Make the versions fit: The most effective strategy to resolve version disputes is to avoid them in the first place. The recommended policy is to modify dependencies so that you can utilize the same library version. When there is a diamond dependency conflict, changing the libraries can cause the referenced libraries to change, which can cause the wrong versions to appear. Remember that the convention in C# is that there are no breaking API changes in similar major versions.

The following is how a version is created: MAJOR. MINOR. PATCH according to the following rules:

  • When you make API modifications that are incompatible, MAJOR is increased.
  • When you add functionality in a backward-compatible way, MINOR is incremented.
  • When you make backward-compatible bug patches, PATCH is increased.

Binding redirects: Binding redirects can be achieved by adding some code in the app.config of the startup assembly. Binding redirects automatically resolve many conflicts, even when there are many major versions. A higher version assembly will be loaded in many circumstances, and if there isn't too much-deprecated API, it will suffice. However, bound redirects aren't always sufficient. A runtime exception occurs if one of the libraries calls a non-existent method or uses parameters that aren't valid in the loaded version. There are techniques to load assemblies of different versions side by side if you can't make versions fit and binding redirects aren't adequate.
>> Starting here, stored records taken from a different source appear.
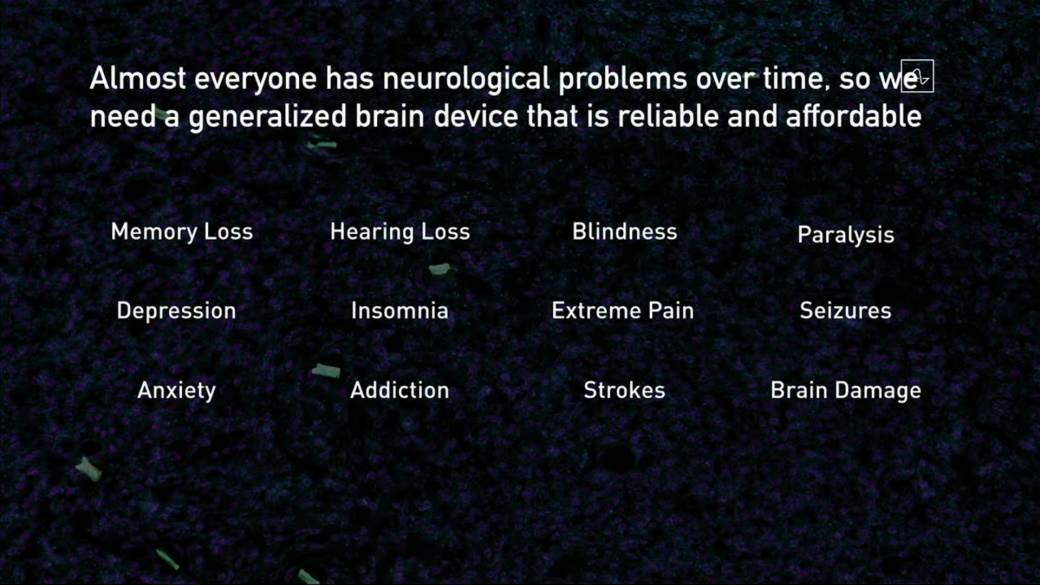   - MONDO / ScreenShot / Neuralink 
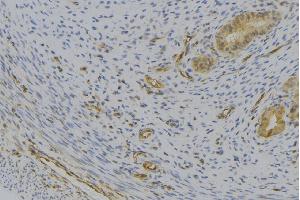 ABIN6276958 at 1/100 staining Human uterus tissue by IHC-P.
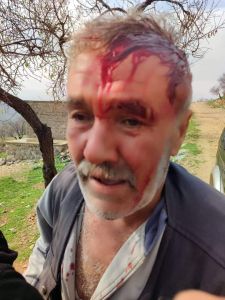 Ongoing Assault Against Kurdish Elderlies in Afrin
In this post, you saw how simple library references can cause dependency problems. You saw how utilizing binding redirects might cause problems and runtime exceptions. You also observed a variety of approaches to resolving version disputes. In almost all the scenarios, modifying versions and a few binding redirects will resolve the version mismatch. In fact, since Visual Studio automatically adds such binding redirects, you'll most likely be unaware that you had an issue.